Furthermore, since the gain data is stored in the memory 29 of the control unit 3, even if the object to be measured changes, the sensitivity can be switched according to the program, eliminating the need for manual resetting.

FIG. 5 shows a modification of the block circuit diagram of the sensor corresponding portion. In this example, gain setting is not performed using an external digital signal, but is performed using a manual gain adjustment circuit 23 such as a multi-rotation volume. This volume 23 is provided in the amplifier part of the sensor, etc., and is adjusted while looking at the barcode monitor of the light reception output.

Note that the example in which the gain setting circuit shown in Fig. 3 is provided, and the example shown in Fig.
The structure shown in the figure in which the volume is provided may be combined with a structure in which switching is performed using a depth inch or the like.

Further, in the above embodiment, the setting unit 5 was connected to the photoelectric sensor 1 via the control unit 3.
In the present invention, the setting unit can be directly connected to the sensor with a cable, or if there is space for mounting in the amplifier section of the sensor, the setting unit can be built into the amplifier section and the head section can be connected externally by separating the amplifier.

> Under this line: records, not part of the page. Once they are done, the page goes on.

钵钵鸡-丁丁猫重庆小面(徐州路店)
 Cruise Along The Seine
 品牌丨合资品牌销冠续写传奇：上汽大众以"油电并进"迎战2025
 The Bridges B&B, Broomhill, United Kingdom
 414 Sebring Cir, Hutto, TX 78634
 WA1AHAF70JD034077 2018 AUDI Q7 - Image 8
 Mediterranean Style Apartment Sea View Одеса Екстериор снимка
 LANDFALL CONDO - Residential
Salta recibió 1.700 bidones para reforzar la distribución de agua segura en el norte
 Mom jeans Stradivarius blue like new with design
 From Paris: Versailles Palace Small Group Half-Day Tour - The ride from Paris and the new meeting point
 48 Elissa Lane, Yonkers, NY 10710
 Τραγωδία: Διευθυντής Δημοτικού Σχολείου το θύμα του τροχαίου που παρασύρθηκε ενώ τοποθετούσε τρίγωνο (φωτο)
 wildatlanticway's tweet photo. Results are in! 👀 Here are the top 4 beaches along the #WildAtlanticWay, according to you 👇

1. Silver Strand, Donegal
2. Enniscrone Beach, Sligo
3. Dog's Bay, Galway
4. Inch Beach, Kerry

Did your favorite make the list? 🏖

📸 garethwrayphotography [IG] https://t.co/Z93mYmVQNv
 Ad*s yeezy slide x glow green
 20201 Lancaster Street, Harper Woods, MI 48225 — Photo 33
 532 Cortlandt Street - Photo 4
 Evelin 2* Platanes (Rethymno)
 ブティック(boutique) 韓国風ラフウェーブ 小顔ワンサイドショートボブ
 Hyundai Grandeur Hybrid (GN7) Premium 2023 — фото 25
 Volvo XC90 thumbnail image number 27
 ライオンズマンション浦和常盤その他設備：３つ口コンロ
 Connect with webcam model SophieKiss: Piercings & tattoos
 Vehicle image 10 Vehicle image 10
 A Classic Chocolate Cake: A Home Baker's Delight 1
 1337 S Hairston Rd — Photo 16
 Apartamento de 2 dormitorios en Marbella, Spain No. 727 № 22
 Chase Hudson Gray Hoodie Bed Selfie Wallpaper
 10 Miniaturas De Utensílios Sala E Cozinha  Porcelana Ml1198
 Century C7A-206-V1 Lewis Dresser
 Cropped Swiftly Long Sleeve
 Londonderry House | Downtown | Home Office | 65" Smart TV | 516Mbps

Various modifications are conceivable, such as displaying the received signal in an analog manner by displaying a bar code or the like, thereby making it easier to adjust the sensitivity.

Further, although the above embodiments have been explained using a photoelectric sensor as an example, the present invention can of course be applied to sensitivity adjustment of sensors other than photoelectric sensors.

〔Effect of the invention〕

As described above, according to the sensor sensitivity adjustment device according to the present invention, input signals can be adjusted by providing a display section.

Since the number is visualized by displaying a bar code or the like, and an adjustment unit is provided that changes the sensitivity while looking at the bar code display, the sensitivity adjustment work is easy and reliable, and the adjustment time can be shortened.

[Brief explanation of drawings]

1 to 4 are diagrams for explaining a sensor sensitivity adjustment device according to an embodiment of the present invention. FIG. 1 is a perspective view showing the overall configuration, and FIG. An enlarged view, FIG. 3 is a block configuration diagram thereof, FIG. 4 is a flowchart diagram thereof, and FIG. 5 is a block configuration diagram showing a modification of the sensor portion of the above embodiment. In the figure, 1 is a photoelectric sensor, 2 is an object to be detected (measured object), 32b is reflected light (human signal), 32C is an output signal,
6 is a monitor section (display section), 7 is a sensitivity adjustment section, 6b, 6c
is a threshold mark, and 29 is a memory (storage means).

Claims (4)

[Claims] (1) In a sensitivity adjustment device that adjusts the sensitivity of a sensor that converts an input signal from a measurement object into an output signal with a predetermined sensitivity to a desired level, the input signal or sensitivity level is displayed in analog form. A sensor sensitivity adjustment device comprising: a display section; and a sensitivity adjustment section that changes the sensitivity so that a value displayed by the display section falls within a predetermined range. (2) The display section is configured to display the input signal or sensitivity level in an analog manner, and to display a threshold mark when the displayed value matches a threshold value. A sensor sensitivity adjustment device according to claim 1. (3) The sensor sensitivity adjustment device according to claim 1 or 2, wherein the display section and the sensitivity adjustment section are configured to be remotely operated from outside the sensor. (4) Sensitivity adjustment of the sensor according to any one of claims 1 to 3, characterized in that the sensitivity adjustment section includes a storage means for storing a sensitivity level at the time of sensitivity adjustment. Device.